The rub, is that many of these MMOs allow you to enable the autoplay and the computer can take your character through the raid for you if you’re too busy to do it yourself. What’s the point, then, in participating in such an activity in the first place if you can’t experience the challenges and battles from your own perspective? Any long-time MMO player would have no trouble elaborating on the joys of multiple boss encounters, puzzles, and timed fights that can all appear in content that requires larger group participation, and the fact of the matter is that autoplay features degrade this sort of enjoyment.

Perhaps on a bigger scale, autoplay features in general can be seen as contributing to an overall degradation of mobile games as a whole. It’s obvious that there are numerous players who dislike games which include them. On the same token, there are players that enjoy it, otherwise developers wouldn’t be including them in the first place. There-in lies part of the issue.

Autoplay features must be extremely popular on a wider scale than many people realize, or there wouldn’t be so many different games that are built exclusively around letting the game play itself for you while you’re away.

On the other side of things, for a large number of players the fun in certain games is probably not intertwined with engrossing stories or completing challenging battles. The enjoyment comes from having a high-level character with loads of new items, money, and powerful gear. How any of this was obtained seems to be irrelevant. There definitely is a rush that you get when you finally get that shiny new weapon or piece of armor, so it’s not hard to understand where some players feel joy over acquiring these items in games with an autoplay function.
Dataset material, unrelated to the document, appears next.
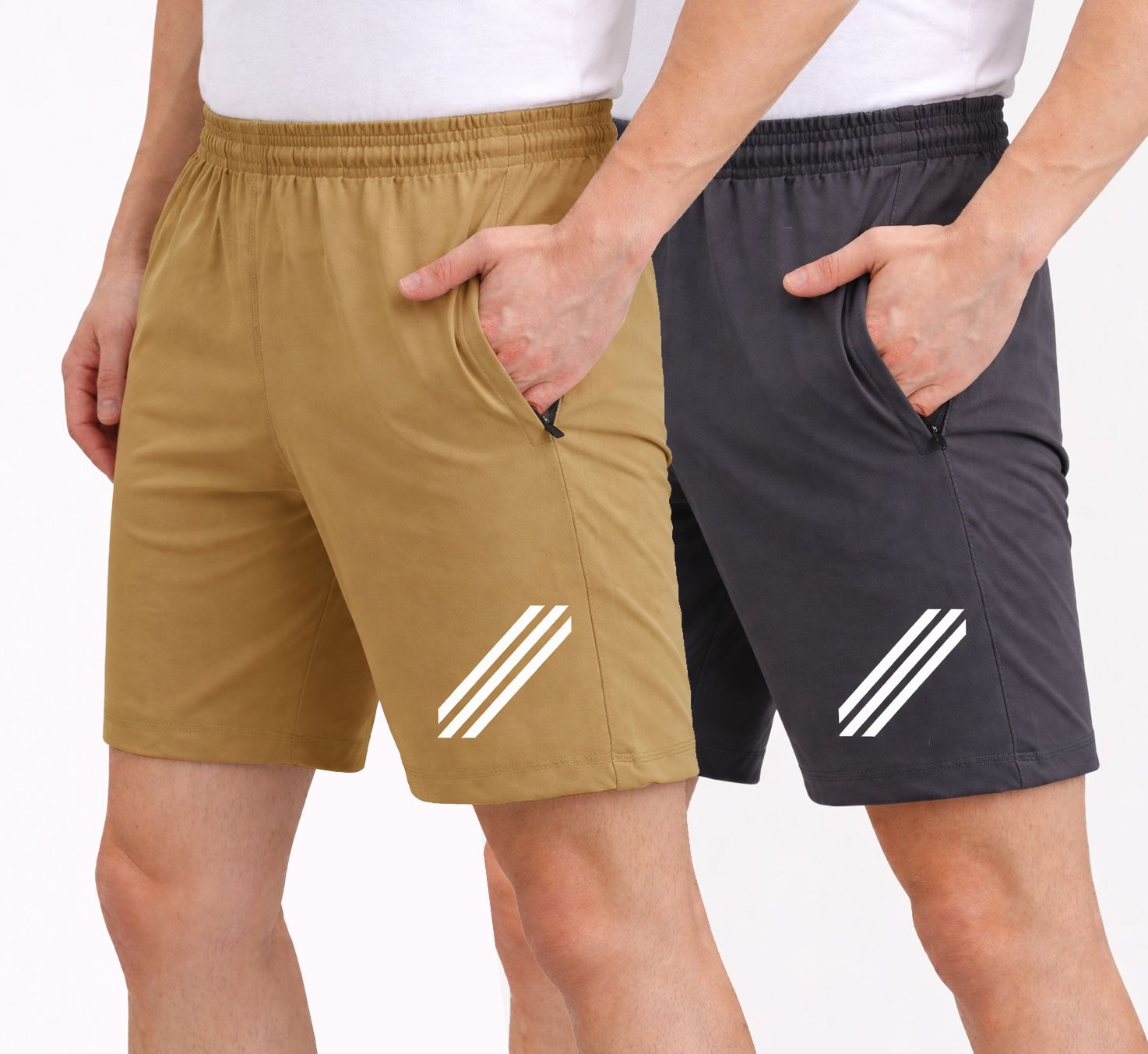 avolt Pack of 2 Solid Men Multicolor Sports Shorts-picture-9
But, the most successful games of any platform, mobile included, are ones that tell grand stories that you can relate to, or provide some sort of a challenge for you to overcome, such as beating your opponents in a PvP-based game like Hearthstone or Clash Royale. Games with autoplay features won’t change this fact, but it could entice more and more game developers to work these kinds of features into mobile games, which would lead to less games that require you to engage with the content yourself.

This in turn then leads to a possibly overwhelming library of lower-quality games to sift through just to find one that not only garners your interest but is able to hold it. No, the autoplay function in games like MU ORIGIN2 and so many others is not going to single-handedly bring down the state of good mobile games, but it’s not helping either.

If you’re a fan of MMOs or any type of RPG and you plan to seek out quality titles on mobile, it seems that you’ll simply have to deal with many of them including an autoplay feature. It doesn’t seem to be going away any time soon, or at all for that matter, and whether you see it as a contributing factor to potentially less engaging content, at the very least it’s an optional feature in most games that do include it.

There’s also the ability to simply pass over games entirely that have this as a mechanic and search for something with a richer helping of gameplay, and perhaps if more and more players voiced complaints over the feature’s inclusion, then maybe developers would stop including it.

On a completely different level autoplay features in games could be looked at as a problem from a very different perspective – that addiction or overuse of mobile devices is increasing to a point to where people are willing to put time into games that they don’t actually have to interact with.

This could also be seen as a way for people to interact with less with their devices and thus free them up to focus more on real-world encounters and experiences, but again, then what’s the point if you aren’t actually playing the game yourself, or even watching it for that matter as the feature is designed to play idly while you’re doing other things.

In the end, autoplay features don’t seem to be going anywhere, so it’s safe to say that the best option for gamers who dislike it is to find games where it either isn’t included or at the very least isn’t heavily relied upon.